Assigned task
Beginning with the line that contains "Weihnachtsdekoration Mit Tannenzweigen", retype the entries below exactly, ending with the line that contains "Ziehen Sie sofort". Leave out any pictures.

Excerpted records
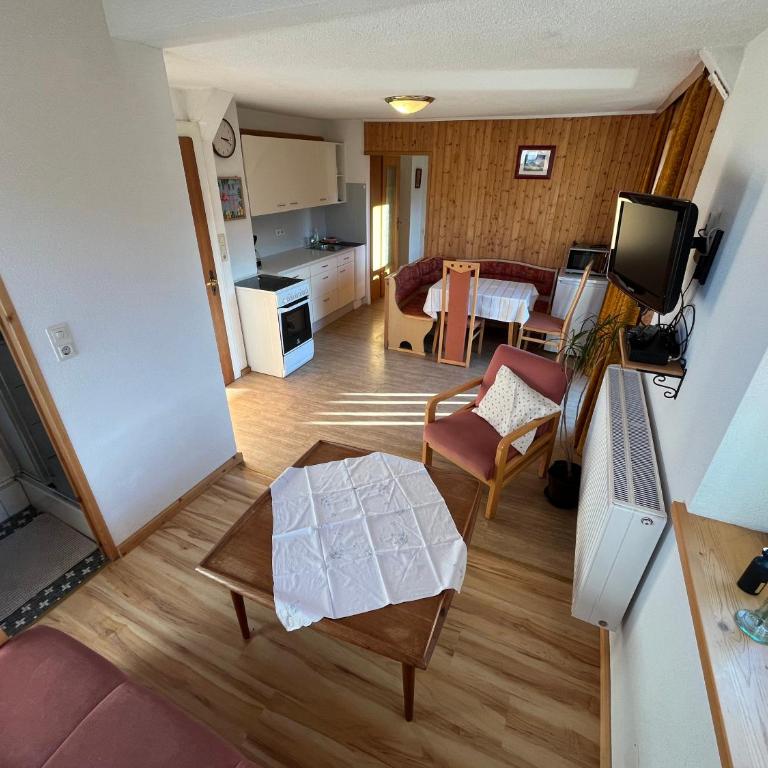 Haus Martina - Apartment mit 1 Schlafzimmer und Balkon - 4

==

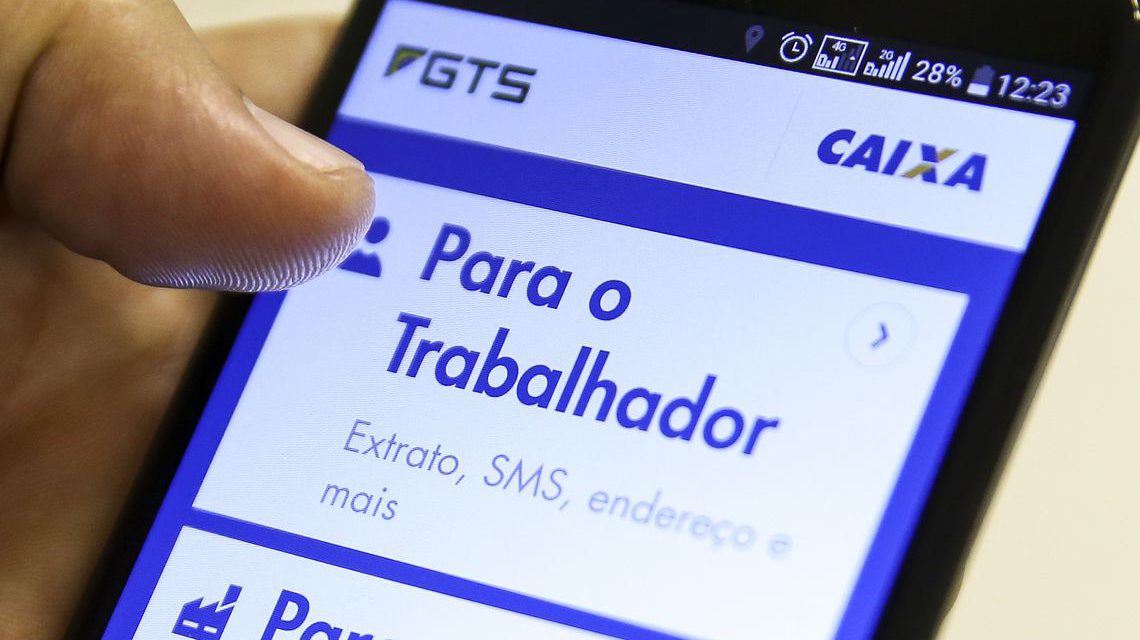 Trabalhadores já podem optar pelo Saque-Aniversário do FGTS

==

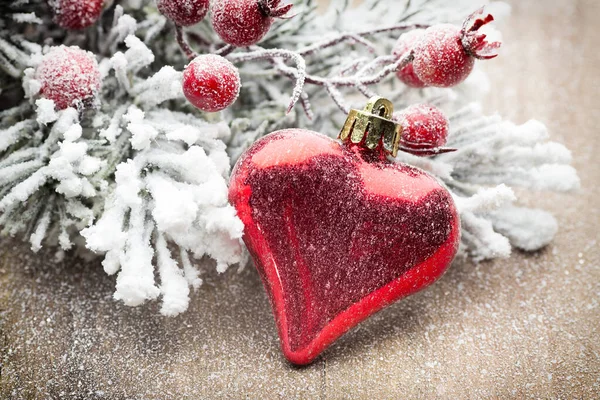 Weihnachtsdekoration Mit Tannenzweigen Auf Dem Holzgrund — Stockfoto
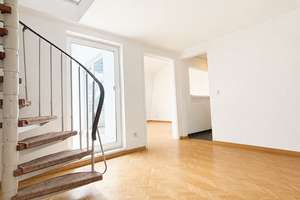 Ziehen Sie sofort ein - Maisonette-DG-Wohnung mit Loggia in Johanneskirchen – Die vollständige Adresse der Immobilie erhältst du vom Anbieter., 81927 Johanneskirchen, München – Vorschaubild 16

Written solution
 Weihnachtsdekoration Mit Tannenzweigen Auf Dem Holzgrund — Stockfoto
 Ziehen Sie sofort ein - Maisonette-DG-Wohnung mit Loggia in Johanneskirchen – Die vollständige Adresse der Immobilie erhältst du vom Anbieter., 81927 Johanneskirchen, München – Vorschaubild 16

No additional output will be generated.